# [PROMPT]
Every line below that holds the word "Village" must be listed.

# [Short descriptive text snippets]
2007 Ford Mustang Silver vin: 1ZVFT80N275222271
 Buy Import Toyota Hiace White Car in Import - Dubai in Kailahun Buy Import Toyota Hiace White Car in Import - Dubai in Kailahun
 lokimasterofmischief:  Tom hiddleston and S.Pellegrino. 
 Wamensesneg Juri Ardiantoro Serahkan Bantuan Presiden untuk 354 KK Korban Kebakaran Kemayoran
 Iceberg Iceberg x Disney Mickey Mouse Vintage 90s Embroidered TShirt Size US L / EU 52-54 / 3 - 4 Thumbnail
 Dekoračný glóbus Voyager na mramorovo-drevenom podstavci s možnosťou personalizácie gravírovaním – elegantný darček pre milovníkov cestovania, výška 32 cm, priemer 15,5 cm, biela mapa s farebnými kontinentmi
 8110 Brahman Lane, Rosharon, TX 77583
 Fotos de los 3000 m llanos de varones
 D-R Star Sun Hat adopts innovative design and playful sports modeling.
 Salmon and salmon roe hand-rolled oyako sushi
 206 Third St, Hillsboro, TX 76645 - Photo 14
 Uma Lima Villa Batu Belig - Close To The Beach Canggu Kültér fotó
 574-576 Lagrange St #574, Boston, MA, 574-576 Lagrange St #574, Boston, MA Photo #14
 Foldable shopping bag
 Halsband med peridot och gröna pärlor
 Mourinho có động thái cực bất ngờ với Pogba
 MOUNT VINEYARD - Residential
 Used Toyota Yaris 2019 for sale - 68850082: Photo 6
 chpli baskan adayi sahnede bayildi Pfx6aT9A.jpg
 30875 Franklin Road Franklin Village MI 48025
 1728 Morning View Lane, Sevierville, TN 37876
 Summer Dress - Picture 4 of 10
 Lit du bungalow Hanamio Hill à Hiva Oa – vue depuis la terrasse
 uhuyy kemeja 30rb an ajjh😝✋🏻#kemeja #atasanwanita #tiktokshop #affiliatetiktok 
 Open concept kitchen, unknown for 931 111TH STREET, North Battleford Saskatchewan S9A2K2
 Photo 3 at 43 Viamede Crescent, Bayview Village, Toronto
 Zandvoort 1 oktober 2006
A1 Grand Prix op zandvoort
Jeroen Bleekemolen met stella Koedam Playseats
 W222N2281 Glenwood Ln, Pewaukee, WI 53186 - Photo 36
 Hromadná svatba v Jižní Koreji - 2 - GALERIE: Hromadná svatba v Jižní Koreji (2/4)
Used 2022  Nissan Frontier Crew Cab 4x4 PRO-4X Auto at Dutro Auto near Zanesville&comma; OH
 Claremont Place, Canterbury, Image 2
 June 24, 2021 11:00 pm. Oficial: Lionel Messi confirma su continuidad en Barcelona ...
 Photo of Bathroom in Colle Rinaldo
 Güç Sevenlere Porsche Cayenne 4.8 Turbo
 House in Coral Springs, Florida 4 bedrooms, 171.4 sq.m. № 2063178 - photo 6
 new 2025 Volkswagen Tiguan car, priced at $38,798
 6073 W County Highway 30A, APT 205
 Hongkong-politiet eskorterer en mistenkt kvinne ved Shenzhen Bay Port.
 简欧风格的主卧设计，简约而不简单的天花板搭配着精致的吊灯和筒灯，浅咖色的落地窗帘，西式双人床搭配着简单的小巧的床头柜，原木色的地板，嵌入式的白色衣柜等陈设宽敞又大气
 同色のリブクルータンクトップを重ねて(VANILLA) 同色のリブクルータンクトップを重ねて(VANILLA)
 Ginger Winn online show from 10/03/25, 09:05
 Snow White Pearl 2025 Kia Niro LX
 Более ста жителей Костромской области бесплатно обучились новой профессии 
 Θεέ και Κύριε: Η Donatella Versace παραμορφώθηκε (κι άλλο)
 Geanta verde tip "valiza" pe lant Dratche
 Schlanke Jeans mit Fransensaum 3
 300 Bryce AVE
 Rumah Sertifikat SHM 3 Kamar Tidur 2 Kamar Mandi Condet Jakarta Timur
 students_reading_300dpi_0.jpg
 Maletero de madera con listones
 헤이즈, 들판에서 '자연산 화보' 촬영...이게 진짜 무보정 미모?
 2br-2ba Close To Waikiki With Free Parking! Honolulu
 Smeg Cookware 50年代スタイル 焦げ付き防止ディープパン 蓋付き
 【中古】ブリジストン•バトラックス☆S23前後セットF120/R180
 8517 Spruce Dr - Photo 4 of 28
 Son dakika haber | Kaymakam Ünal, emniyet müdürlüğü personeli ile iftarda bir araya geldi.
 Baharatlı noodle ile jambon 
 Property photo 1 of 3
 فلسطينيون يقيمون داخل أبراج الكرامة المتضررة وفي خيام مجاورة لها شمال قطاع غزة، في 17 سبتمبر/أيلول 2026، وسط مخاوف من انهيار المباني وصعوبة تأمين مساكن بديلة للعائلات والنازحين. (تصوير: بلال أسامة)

# [RESULT FOR THIS EXERCISE]
 30875 Franklin Road Franklin Village MI 48025
 Photo 3 at 43 Viamede Crescent, Bayview Village, Toronto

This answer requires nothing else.